My take on product management.
First of all, it is important to note that product management goes far beyond the product manager. We are merely the tip of the iceberg, without the team that surrounds us you would see no fruits from our labour. However, seeing as I’m slightly bias this post is going to be from that very perspective as I want to shed some light on what myself and others in my profession are really doing.
So everyone knows what a product is but they don’t know how you go about managing one. Ask an individual to name a product and it rolls off the tongue instantly. Ask that individual to describe what you do as a product manager and suddenly they’re tongue tied. So what is it that causes this bewildered response? A lack of understanding or a lack of interest perhaps? Ones does not simply manage a product like Facebook or we would all be billionaires, so what does one do?
“Sure what we do has to make commercial sense, but it’s never the starting point. We start with the product and the user experience.”
Steve Jobs
In a nutshell product management is the process of making a product valuable, usableand feasible. These three pillars should guide product decisions as they go hand in hand with one another. Usability impacts feasibility as complexity has almost a direct correlation with usage. And when thinking about usability you have to think of the additional value generated. If the level of value gained from a feature or function is less than the cost to implement clearly there is a feasibility issue. You need to take stock of what is actually achievable given your resources and what is within your sphere of influence. It is a tough act to follow but if you can balance all three you’re on the right road to success.
So how would you go about balancing the above? By being sandwiched between vision and reality product management is ultimately about enabling. But this enabling isn’t a part time job as product management battles on three fronts; technology, design and customer. At a high level on the technology front you empower development and implementation teams to come to informed decisions. Regarding design you provide insights from research and feedback to enable your designers to create an impeccable user interface and experience. While on the customer front you work tirelessly to ensure their needs and wants are balanced against value and business return.

Key Tasks
As a product manager you are the voice of the user inside your organisation and that voice needs to get inside many heads. As such you’ll find yourself undertaking a variety of tasks.
- Understand the problem
Knowing what you are about to create and its reason for creation are imperative. Product management is about ensuring the users needs are truly met so you will be probing your market for their pain points and motivations. We find personas particularly useful for this. User needs also sit within a wider domain which means that in order to successfully manage a product you have to keep your eyes open to the changing dynamic around you.
- Understand the product
When you feel comfortable in understanding the domain and your users you then need to understand the product itself. Here at ucreate we utilise user story mapping to map the product features before whittling them down to what we are going to concentrate on, the MVP. These features will be those offering the most value and should be linked directly to key performance metrics and the problem you are trying to solve.
- Facilitate designs
You now need to transfer all your knowledge into a valuable, usable and feasible design. This means spending time with your designers and utilising their strengths and your personas to produce a product that hooks your users into repeat use. Your domain and user knowledge should aid the design as you understand where the value lies. Your designers will then work on the user experience to ensure a smooth flow and then together you decide on the feasibility of the options presented. Don’t be shy of sharing designs with others as the aggregation of their feedback will only improve and guide future iterations.

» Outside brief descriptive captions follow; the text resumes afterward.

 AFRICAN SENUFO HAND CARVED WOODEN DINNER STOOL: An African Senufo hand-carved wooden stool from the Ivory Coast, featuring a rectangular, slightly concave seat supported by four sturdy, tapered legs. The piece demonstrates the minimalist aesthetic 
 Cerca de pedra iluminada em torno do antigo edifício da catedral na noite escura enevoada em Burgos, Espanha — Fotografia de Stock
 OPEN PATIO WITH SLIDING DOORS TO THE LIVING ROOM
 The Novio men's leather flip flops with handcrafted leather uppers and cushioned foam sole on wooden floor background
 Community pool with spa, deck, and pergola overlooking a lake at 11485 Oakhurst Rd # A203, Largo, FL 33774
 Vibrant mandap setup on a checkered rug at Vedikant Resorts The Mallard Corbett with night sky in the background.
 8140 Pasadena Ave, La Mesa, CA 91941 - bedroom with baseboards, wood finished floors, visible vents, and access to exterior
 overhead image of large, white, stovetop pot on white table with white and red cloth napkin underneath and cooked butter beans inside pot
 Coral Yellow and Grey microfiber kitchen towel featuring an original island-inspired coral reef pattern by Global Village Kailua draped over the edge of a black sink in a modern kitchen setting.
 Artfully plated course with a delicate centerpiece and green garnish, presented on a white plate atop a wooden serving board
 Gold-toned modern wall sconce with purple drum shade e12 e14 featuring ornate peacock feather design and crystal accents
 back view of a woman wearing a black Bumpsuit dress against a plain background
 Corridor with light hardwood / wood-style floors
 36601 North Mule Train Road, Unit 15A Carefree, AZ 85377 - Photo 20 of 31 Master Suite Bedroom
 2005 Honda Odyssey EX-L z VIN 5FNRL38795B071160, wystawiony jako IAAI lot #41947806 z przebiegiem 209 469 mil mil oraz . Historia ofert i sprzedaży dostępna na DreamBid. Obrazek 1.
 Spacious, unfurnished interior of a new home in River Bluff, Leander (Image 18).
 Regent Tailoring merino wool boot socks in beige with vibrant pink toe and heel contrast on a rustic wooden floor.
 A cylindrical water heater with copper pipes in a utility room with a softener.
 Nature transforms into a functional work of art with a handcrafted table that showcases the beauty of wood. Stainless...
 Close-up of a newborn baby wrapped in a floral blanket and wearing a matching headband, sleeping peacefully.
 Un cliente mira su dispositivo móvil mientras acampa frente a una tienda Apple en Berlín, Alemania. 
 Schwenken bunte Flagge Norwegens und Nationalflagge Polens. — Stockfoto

- Communicate requirements
Clearly communicating requirements is very important as you don’t want today’s problem to be tomorrow’s. Here at ucreate we use behaviour driven development (BDD) to help guide our development team. We provide a comprehensive scenario from the point of a specific user and detail what they would deem a successful outcome from their action. The scenario provides the functional logic required to piece together the development actions needed to fulfil the acceptance criteria. Daily communication and weekly catch ups are recommended in order to ensure all requirements are understood. Check out this post by Dan North which explains BDD in more detail — click here.
5. Testing
Once development work is deployed it is time to start testing to catch any errors. Product managers should lead demonstrations and welcome UAT at this stage to retrieve feedback. Through the process of validated learning the product manager will adjust or pivot the development plan to meet the user’s requirements. There is no point continuing down a path that was agreed upon weeks or even months ago if the feedback you receive rejects it.
- Other
The above points offer a high level overview of the type of activities involved in product management up until the point you have a minimal viable product. All the while road maps, marketing, sales and commercial strategies will need to be sketched out in order to provide your product with the best possible chance of success. It is important to not be narrowly sighted on development alone as you need to utilise systems thinking to envisage how all components fit together and influence each other. This is why we have specific functions for each type of activity. Trying to do it alone is only going to result in many sleepless nights, a product that falls short of expectations or even worse, both!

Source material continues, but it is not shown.